*Data extracts*:
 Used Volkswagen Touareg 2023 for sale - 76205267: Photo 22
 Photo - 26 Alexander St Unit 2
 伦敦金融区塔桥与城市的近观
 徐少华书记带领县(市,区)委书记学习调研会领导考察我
---
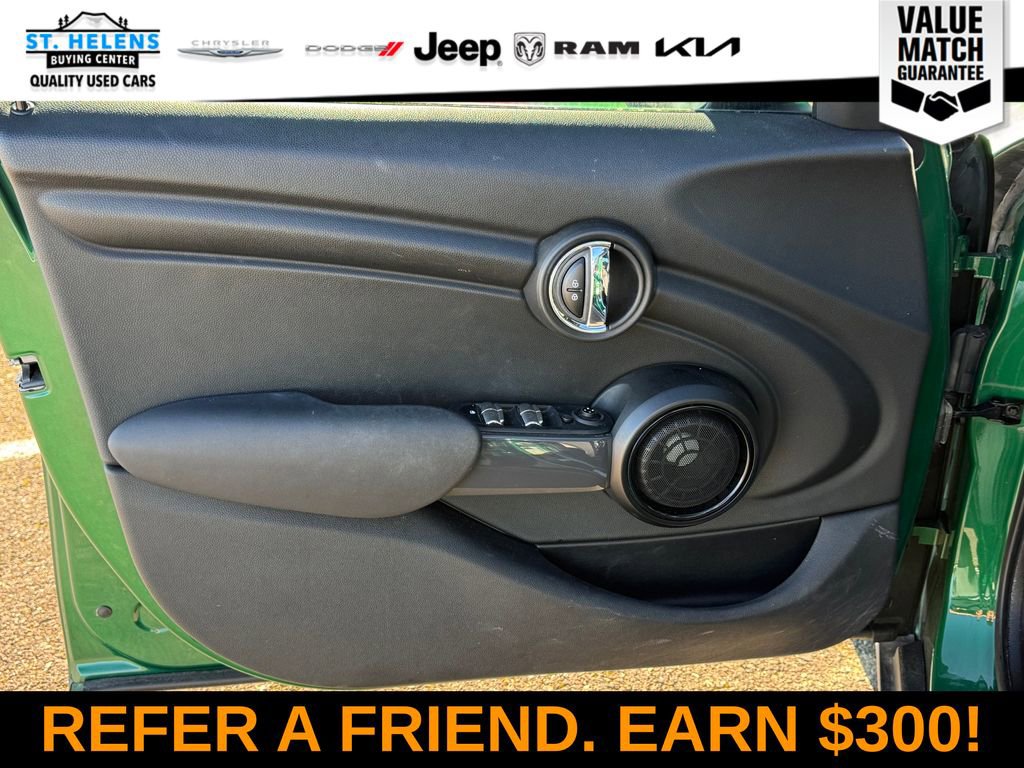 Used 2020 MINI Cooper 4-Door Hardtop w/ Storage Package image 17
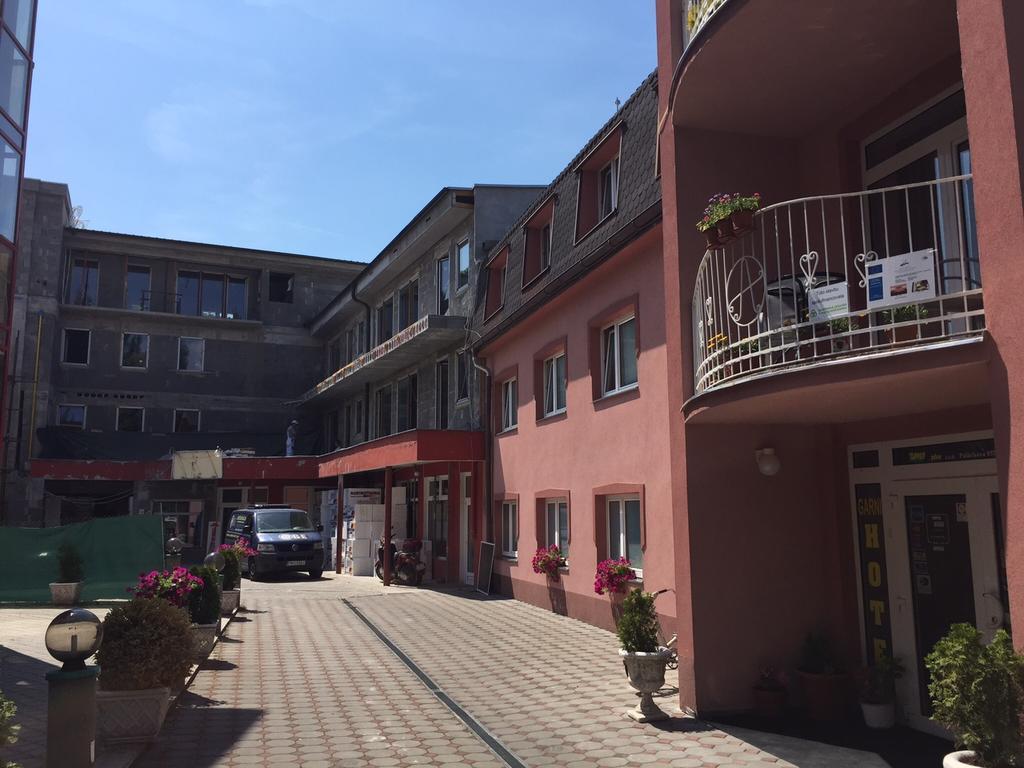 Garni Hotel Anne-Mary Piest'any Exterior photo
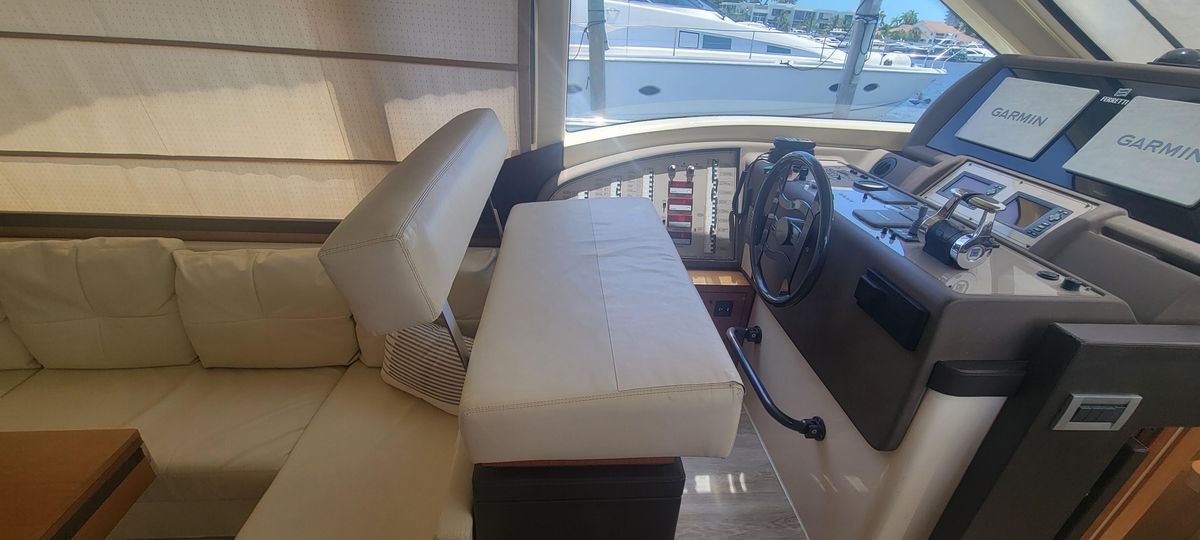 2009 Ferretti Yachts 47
--
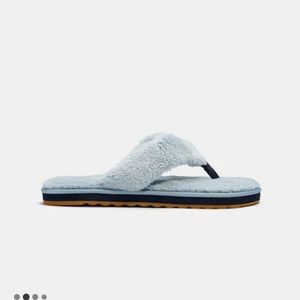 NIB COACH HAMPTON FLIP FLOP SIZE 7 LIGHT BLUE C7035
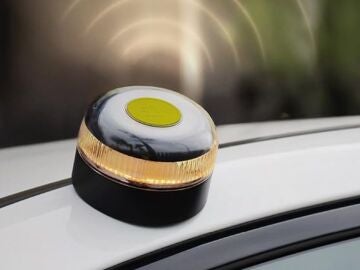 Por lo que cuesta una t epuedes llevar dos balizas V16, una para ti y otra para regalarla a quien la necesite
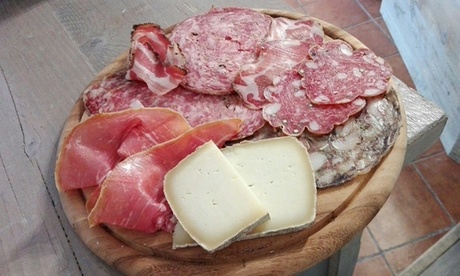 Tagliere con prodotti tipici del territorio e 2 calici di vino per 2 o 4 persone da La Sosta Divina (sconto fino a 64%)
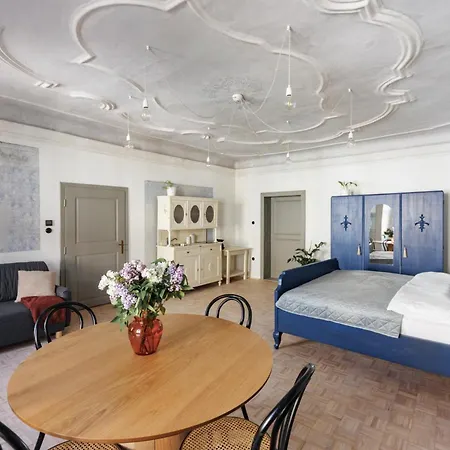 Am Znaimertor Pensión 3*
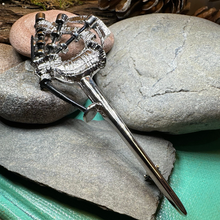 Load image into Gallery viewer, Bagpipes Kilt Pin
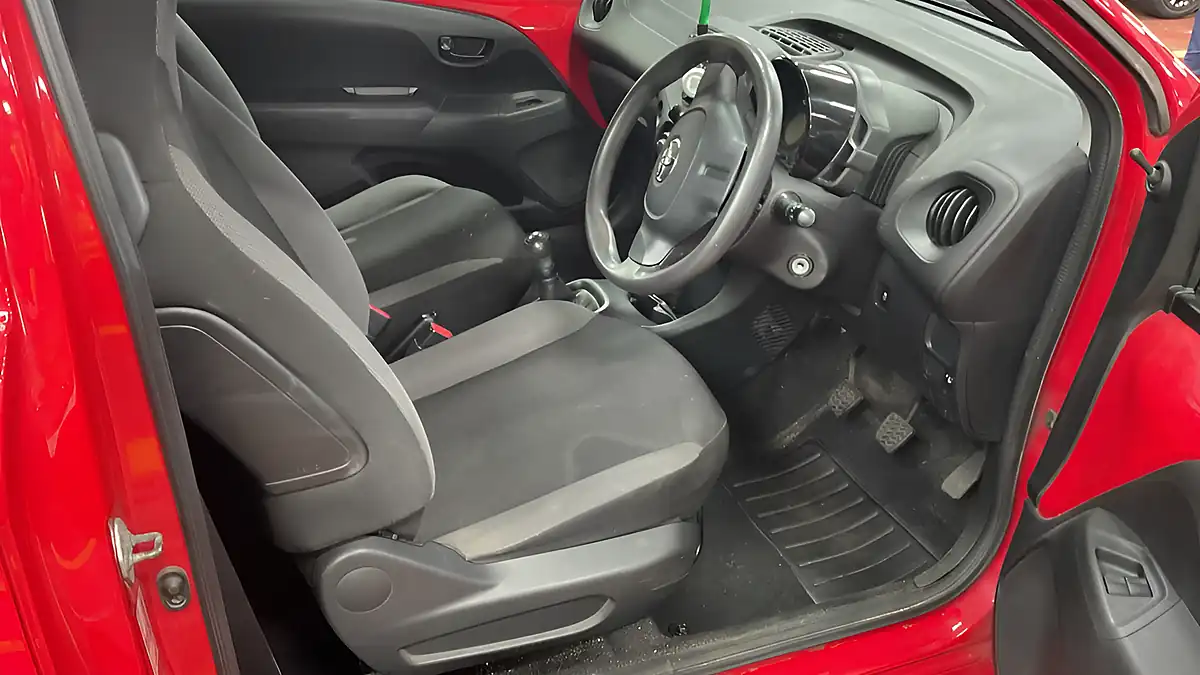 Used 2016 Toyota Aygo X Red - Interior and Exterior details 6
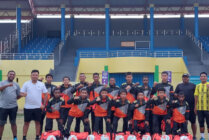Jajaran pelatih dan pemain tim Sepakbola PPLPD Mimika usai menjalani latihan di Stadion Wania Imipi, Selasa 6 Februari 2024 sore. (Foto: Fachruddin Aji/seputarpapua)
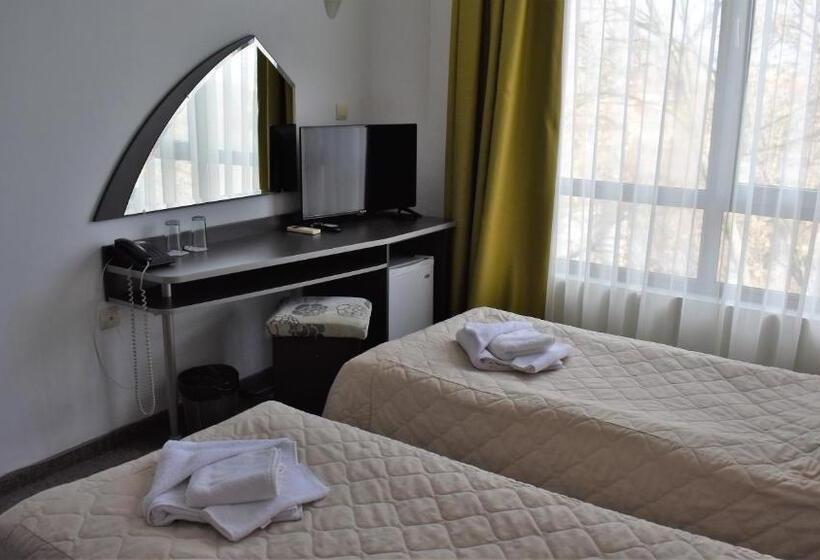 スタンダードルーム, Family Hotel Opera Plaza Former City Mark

*Task directions*:
With the pictures omitted, restate word for word the lines above from the line that has "Am Znaimertor Pensión 3*" up to and including the line that has "スタンダードルーム, Family Hotel", and no other lines.

*Task solution*:
 Am Znaimertor Pensión 3*
 Load image into Gallery viewer, Bagpipes Kilt Pin
 Used 2016 Toyota Aygo X Red - Interior and Exterior details 6
Jajaran pelatih dan pemain tim Sepakbola PPLPD Mimika usai menjalani latihan di Stadion Wania Imipi, Selasa 6 Februari 2024 sore. (Foto: Fachruddin Aji/seputarpapua)
 スタンダードルーム, Family Hotel Opera Plaza Former City Mark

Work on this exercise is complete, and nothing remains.